Sin embargo, otros indicadores señalan un comportamiento menos optimista. El porcentaje de la población urbana cuyo ingreso laboral no le bastó para obtener la canasta básica apenas decreció de 35.8 por ciento a 34 por ciento entre 2012 y julio de 2018.
Y, en el caso de la población rural, aunque la reducción fue más importante, siguió en 51 por ciento. Es decir, a más de la mitad de la población del campo no le bastó su ingreso para lo esencial.
Otro indicador relevante es el del crecimiento. Con los estimados de crecimiento del PIB este año tendremos una tasa de crecimiento promedio en el sexenio de alrededor de 2.3 por ciento anual, nada muy diferente a las cifras de sexenios anteriores.
Sin embargo, los desempeños económicos son muy diferentes entre estados de vocación manufacturera como Querétaro y Aguascalientes a otros dominados por las actividades primarias y servicios de baja productividad, como Oaxaca y Chiapas. Sin contar el desastre en los estados petroleros como Campeche y Tabasco.

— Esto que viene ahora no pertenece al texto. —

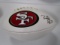 Richard Sherman of the San Francisco 49ers signed autographed logo football PAAS COA 624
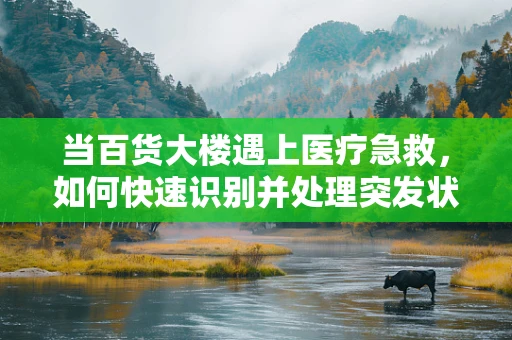 当百货大楼遇上医疗急救，如何快速识别并处理突发状况？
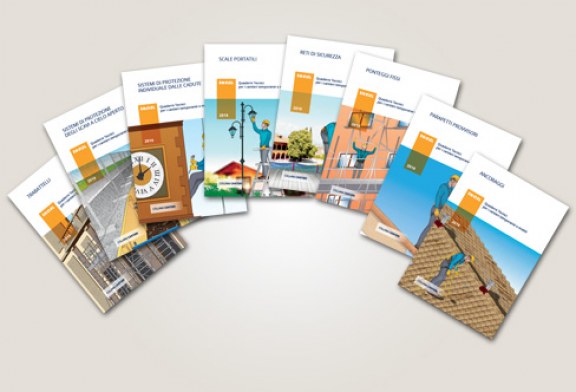 “Quaderni tecnici per i cantieri temporanei o mobili”, sul portale Inail la nuova edizione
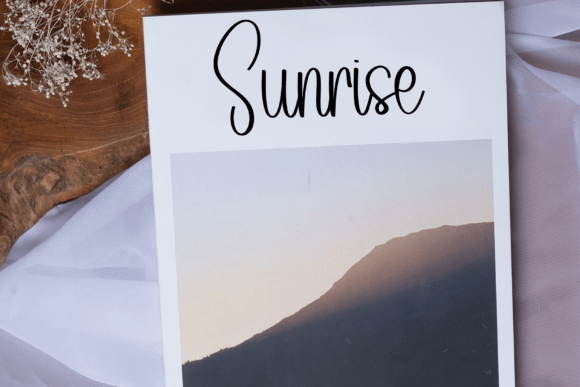 Farmhouse Font - Preview 2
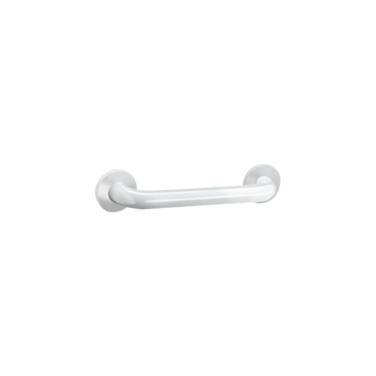 Barre de relèvement droite BASIC époxy blanc Ø32 300mm
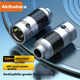 Адаптер для мікрофона CHOOSEAL QS9921 XLR тато Хром - зображення 3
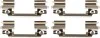 ZESTAW INST KLOCKA HAM LUCAS CITROEN JUMPY 2.0I 07-, 2.0HDI 07-/ FIAT SCUDO 1.6D MJ 07- PRZУD TRW PFK736 (фото 1)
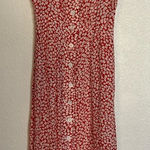 Capulet  Floral Red Dress xs Photo 0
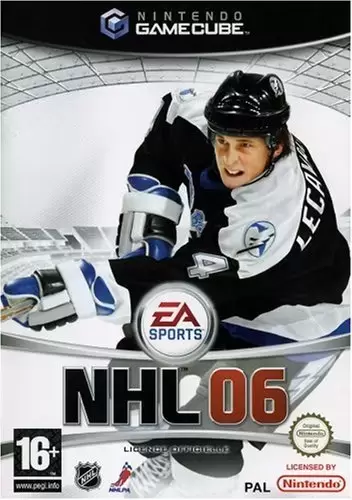 Jeux Gamecube - NHL 2006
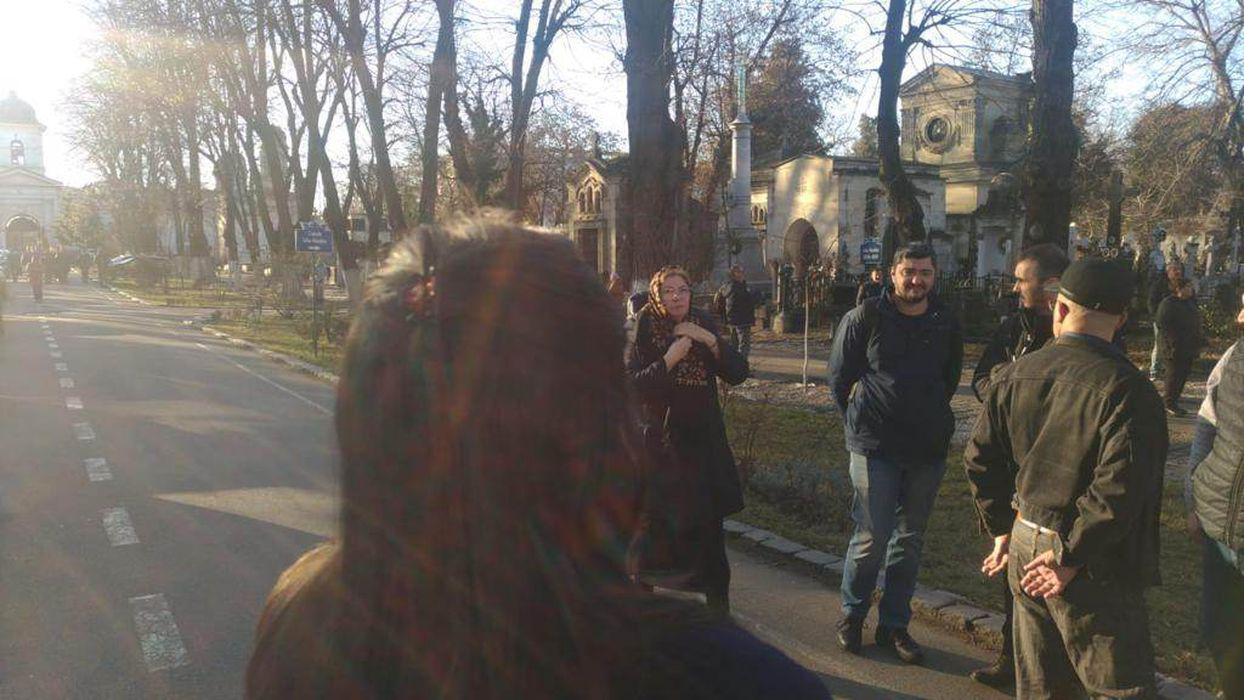 Obiectul care a fost așezat pe sicriul lui Mitică Popescu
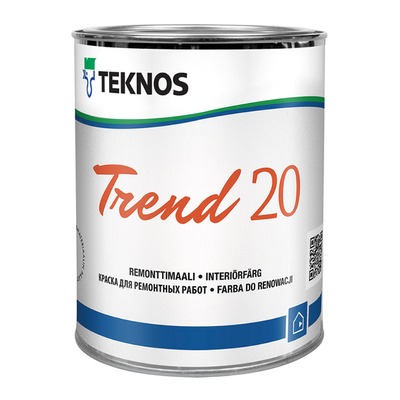 Trend 20 Remonttimaali 0,9l PM3 - Seinämaalit - 6414620273395 - 1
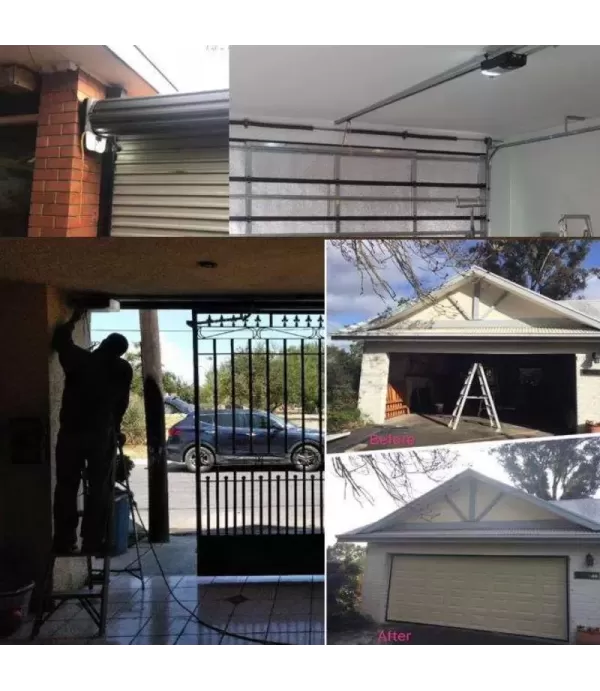 Garage Door Opener Machine Mesin Pembuka Pintu Garasi Otomatis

Es decir, las buenas cifras de desempeño económico a escala nacional, usualmente ocultan diferencias y contrastes muy grandes entre regiones así como entre empresas y sectores.
Uno de los indicadores que mejor reflejan esta desigualdad es la que tiene que ver con el empleo informal.
La tasa de informalidad laboral comenzó este sexenio con un nivel de 54.4 por ciento del empleo total. Cinco años y medios después, todavía se encuentra en un nivel de 52.1 por ciento del total del empleo.
Es decir, se pudo lograr apenas una reducción de 2.3 puntos porcentuales.
Y la informalidad laboral generalmente se asocia con bajos ingresos, con escasa productividad y con niveles mayores de pobreza.
Los indicadores relativos a la desigualdad son muchos y muy diversos. Los anteriores sólo son una muestra de ellos.
Un crecimiento como el que hemos tenido en los últimos 20 o 30 años no va a ser suficiente para cambiar la condición económica y social de casi la mitad de la población.
Entre el 2012 y el 2016 (último dato disponible) el porcentaje de la población en condición de pobreza pasó de 45.5 a 43.6, una baja de 1.9 puntos porcentuales. Pero, en números absolutos pasó de 53.3 a 53.4 millones de personas.
Requeriríamos un crecimiento más rápido y con mayores efectos sobre el ingreso de la población más pobre para que la percepción de la mayoría cambiara.
Ese va a ser el reto para la siguiente administración.